Directions |
Give back the full listing, character for character, with no pictures.
(Collected material)
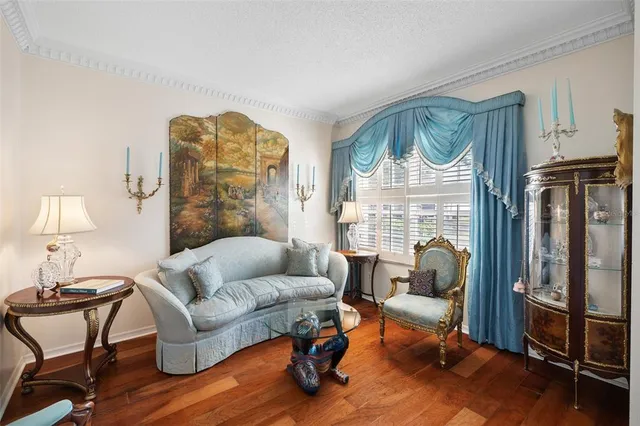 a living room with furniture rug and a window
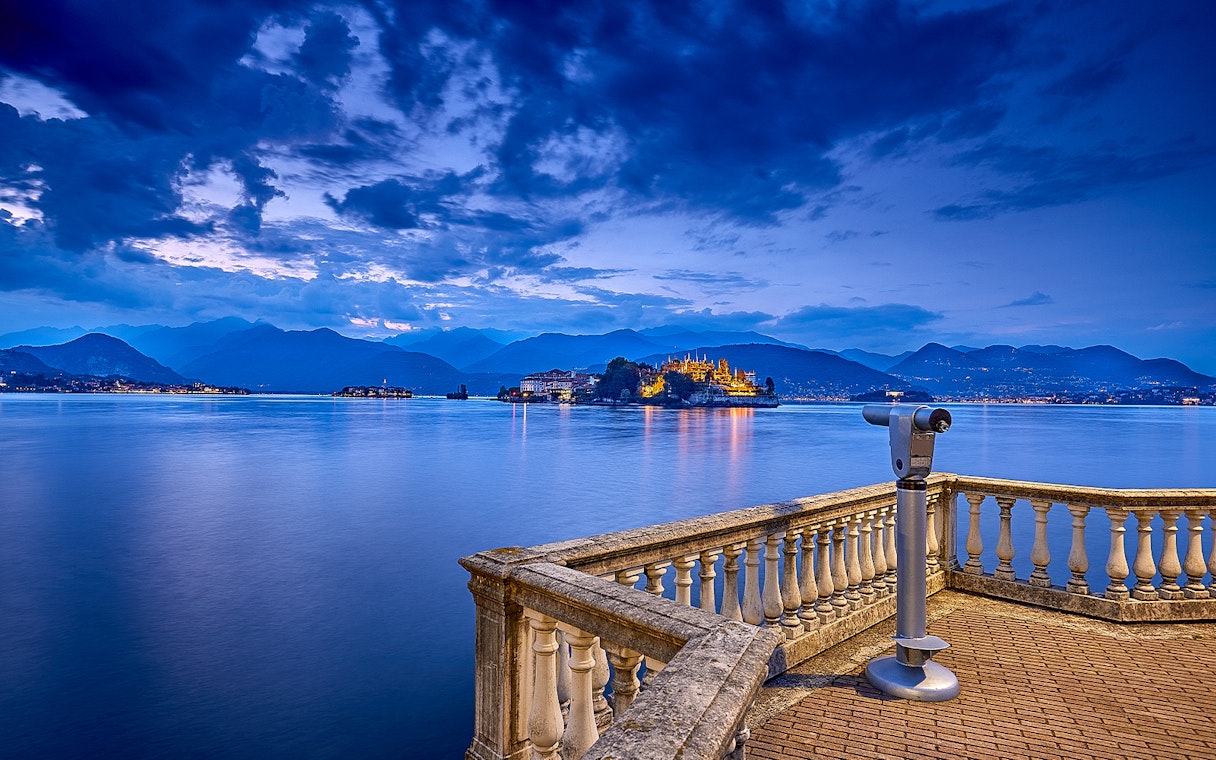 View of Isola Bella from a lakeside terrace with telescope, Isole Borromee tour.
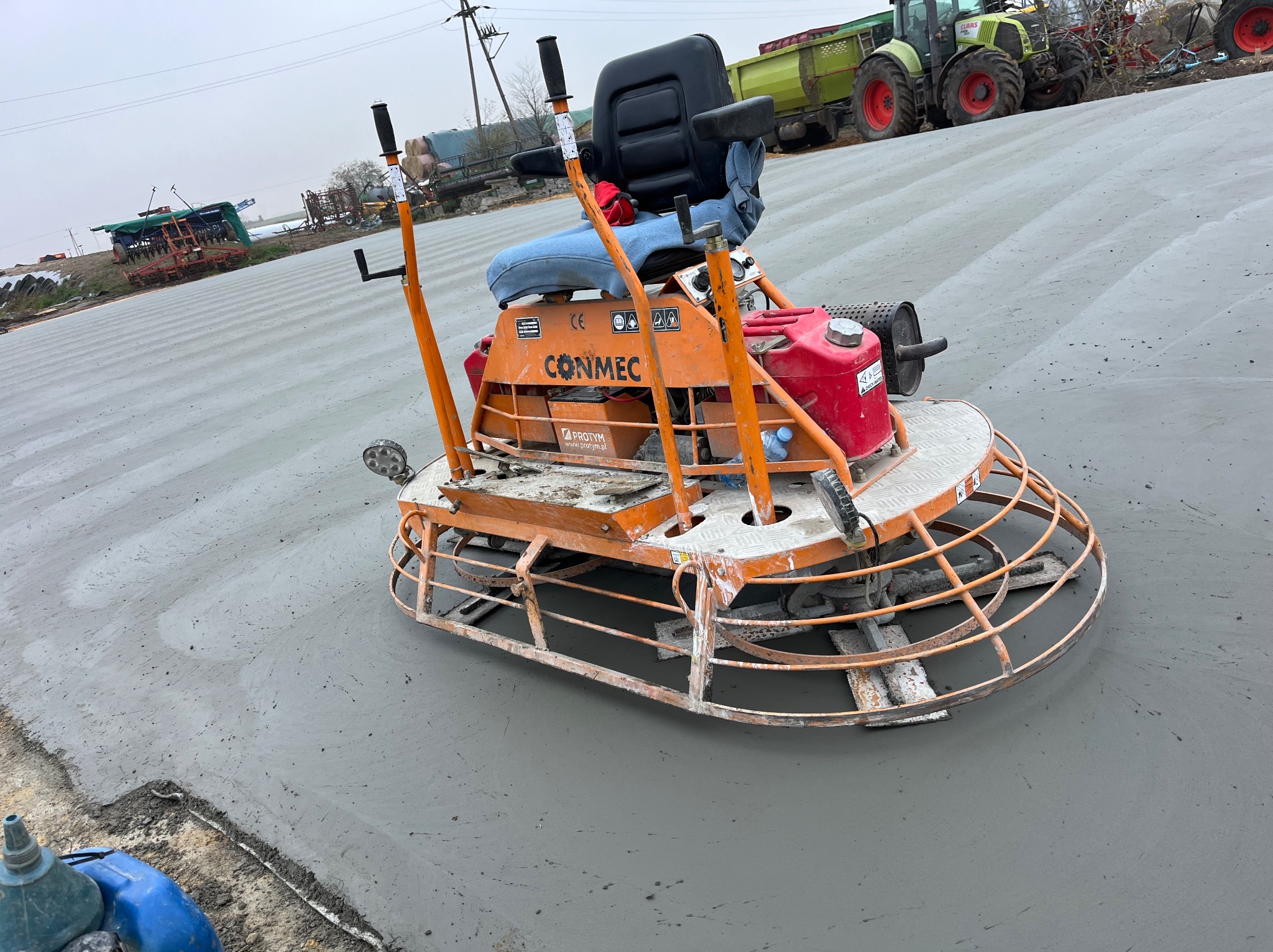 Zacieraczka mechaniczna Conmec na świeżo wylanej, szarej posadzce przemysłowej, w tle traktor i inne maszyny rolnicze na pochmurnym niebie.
(End Collected material)
Problem solution |
 a living room with furniture rug and a window
 View of Isola Bella from a lakeside terrace with telescope, Isole Borromee tour.
 Zacieraczka mechaniczna Conmec na świeżo wylanej, szarej posadzce przemysłowej, w tle traktor i inne maszyny rolnicze na pochmurnym niebie.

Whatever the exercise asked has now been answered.